E. UNE INCERTITUDE GRANDISSANTE SUR L'AVENIR DU DISPOSITIF
Cette incertitude est d'autant plus grande que le Gouvernement s'est bien gardé d'y répondre précisément depuis l'origine, si ce n'est en évoquant un " engagement moral de ne pas laisser les jeunes sur le chemin ".
Deux questions très concrètes se posent et attendent une réponse dans les meilleurs délais.
Que deviendront les jeunes à l'issue de leur contrat ?
Comment les postes créés seront-ils pérennisés ?
C'est à l'aune des réponses à ces questions qu'il appartiendra de définir l'avenir du dispositif.
1. L'inquiétude des jeunes
Plus de trois ans après le lancement du programme " Nouveaux services - Emplois-jeunes " et à moins de deux ans de l'échéance pour les premiers jeunes entrés dans le dispositif, les questions des jeunes sur leur avenir professionnel restent sans réponse.
Après avoir entretenu un réel espoir chez les jeunes, le Gouvernement, par son silence, alimente désormais leur inquiétude, voire pour certains leur exaspération.
Pour l'instant, les jeunes restent en effet dans l'incertitude quant à leur avenir professionnel.
Si une intégration dans la fonction publique par le biais de concours réservés semble se dessiner pour les adjoints de sécurité de la Police nationale, la question demeure entière dans l'Education nationale, dans les collectivités locales et dans les associations.
L'inquiétude des jeunes est encore aggravée par une certaine cacophonie gouvernementale se confirmant au gré des remaniements ministériels. Tel est en particulier le cas dans l'Education nationale.

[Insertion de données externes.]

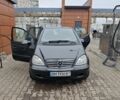 Серый Мерседес А класс, объемом двигателя 1.4 л и пробегом 250 тыс. км за 3500 $, фото 1 на Automoto.ua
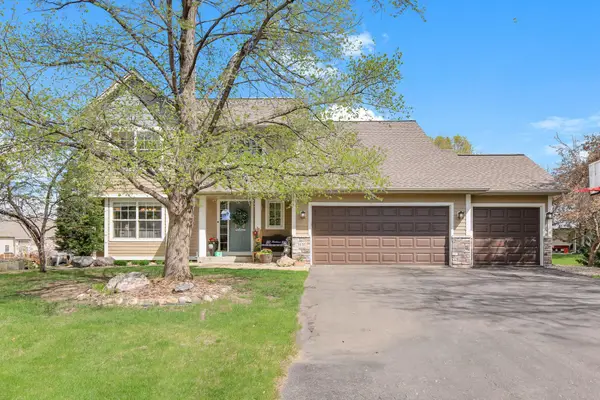 3851 Featherstone Circle, Saint Paul, MN 55125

Alors que le précédent ministre affirmait que les aides éducateurs n'avaient pas vocation à rester dans la fonction publique et cherchait à inciter des entreprises à les recruter, le nouveau ministre prévoit désormais d'en faire des policiers... 12 ( * )
2. Les ambiguïtés de la pérennisation
L'inquiétude des jeunes pour leur avenir est encore renforcée par les ambiguïtés de la démarche de pérennisation.
Or, il est clair que la démarche de pérennisation reste aujourd'hui l'un des points faibles du dispositif.
Le Gouvernement se veut pourtant rassurant, en multipliant les déclarations optimistes.
Ainsi, lors de son audition par le groupe de travail, le représentant du ministre de l'Emploi et de la Solidarité affirmait que plus de 50 % des services créés seraient pérennisés.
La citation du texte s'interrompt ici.